Comparison of the Top 5 Solana Treasury Firms

Company (Ticker) Primary Strategy Key Metric SOL Holdings Unique Feature
Forward Industries (FORD) Treasury Accumulation & Yield Generation SOL per Share ~6.8M  Largest holder, backed by Galaxy Digital and Multicoin Capital
DeFi Development Corp. (DFDV) Pure-Play Treasury Accumulation SOL per Share ~2.2M  Executive compensation tied directly to SOL per share targets
Upexi (UPXI) Hybrid Business & Treasury Treasury Growth ~2.17M  Acquires locked SOL at a discount; retains consumer product businesses
Sharps Technology (STSS) New Treasury Entrant Treasury Growth ~2M+  Recent entrant with a $400 million treasury plan
SOL Strategies (STKE) Infrastructure & Treasury Validator Performance & Revenue ~435k  Operates validator nodes; earns fees from third-party delegation

Conclusion

The emergence of publicly traded Solana treasury firms marks a significant evolution in corporate finance and institutional crypto adoption. Companies like Forward Industries, DeFi Development Corp., Upexi, and Sharps Technology have effectively created “SOL proxy” stocks, allowing investors to gain exposure to Solana through traditional equity markets. This strategy, however, is a high-risk, high-reward proposition tied directly to the volatile price of SOL and the management’s ability to compound their holdings.

SOL Strategies offers a distinctly different value proposition, providing a more diversified play on the Solana ecosystem’s growth through its infrastructure and validator services rather than just price appreciation. As the Solana ecosystem continues to develop, these firms will serve as a fascinating case study in the intersection of traditional finance and decentralized technology, with their performance closely scrutinized by both crypto enthusiasts and traditional investors.

FAQ: Publicly Traded Solana Treasury Firms

1. What is a publicly traded Solana treasury firm?

A publicly traded Solana treasury firm is a company listed on a stock exchange that holds a significant amount of Solana (SOL) on its balance sheet as a core part of its business strategy. These firms often stake their SOL to generate yield and aim to increase the amount of SOL they hold per share, similar to how MicroStrategy operates with Bitcoin. They offer investors a way to gain exposure to SOL’s price action without directly buying and storing cryptocurrency.

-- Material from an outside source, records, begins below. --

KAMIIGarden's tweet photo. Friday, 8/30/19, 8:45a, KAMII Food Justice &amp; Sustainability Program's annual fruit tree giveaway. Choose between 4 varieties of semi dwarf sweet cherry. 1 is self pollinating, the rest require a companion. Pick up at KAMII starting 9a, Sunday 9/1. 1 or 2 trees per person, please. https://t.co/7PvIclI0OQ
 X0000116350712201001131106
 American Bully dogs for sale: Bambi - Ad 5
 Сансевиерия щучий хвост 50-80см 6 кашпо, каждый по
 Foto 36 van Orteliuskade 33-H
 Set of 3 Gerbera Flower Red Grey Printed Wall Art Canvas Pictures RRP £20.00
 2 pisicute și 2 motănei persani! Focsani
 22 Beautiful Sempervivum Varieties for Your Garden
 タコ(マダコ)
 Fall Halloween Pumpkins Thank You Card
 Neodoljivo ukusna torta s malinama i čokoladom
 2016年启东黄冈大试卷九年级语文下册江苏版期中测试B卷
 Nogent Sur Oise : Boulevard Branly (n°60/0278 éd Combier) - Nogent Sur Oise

2. Which is the largest publicly traded Solana treasury company?

Forward Industries (NASDAQ: FORD) is the largest, holding approximately 6.8 million SOL as of September 2025. It acquired this stack for around $1.58 billion and has staked most of it to generate rewards.

3. How do these companies make money from their SOL?

They primarily earn revenue through staking, where they lock up their SOL to help secure the Solana network and earn rewards. Staking yields can vary, with some firms reporting annual percentage yields (APY) of 6.7% to 7.01% before fees. Additional revenue can come from participating in decentralized finance (DeFi) protocols and, in the case of SOL Strategies, from providing validator services to third parties.

4. What are the risks of investing in these firms?

The primary risk is the high volatility of Solana itself. A significant drop in the price of SOL can lead to massive unrealized losses on the company’s balance sheet, negatively impacting its stock price. Other risks include the company’s ability to manage its treasury effectively, regulatory uncertainty, and operational risks related to its staking or validator infrastructure. The stock of these companies often trades at a discount or premium to the value of their SOL holdings (mNAV), adding another layer of risk.

5. What is mNAV, and why does it matter?

mNAV (Market cap to Net Asset Value) is a valuation metric that compares a company’s stock market valuation to the value of its underlying assets (its SOL holdings). An mNAV of 0.62x, as seen with Forward Industries, means the market values the entire company at 62% of the value of its SOL—essentially, investors are paying less for the stock than the SOL it owns. A high mNAV (>1x) might suggest the market is pricing in future growth or other business value, while a low mNAV (<1x) could signal market skepticism about management’s ability to deliver value.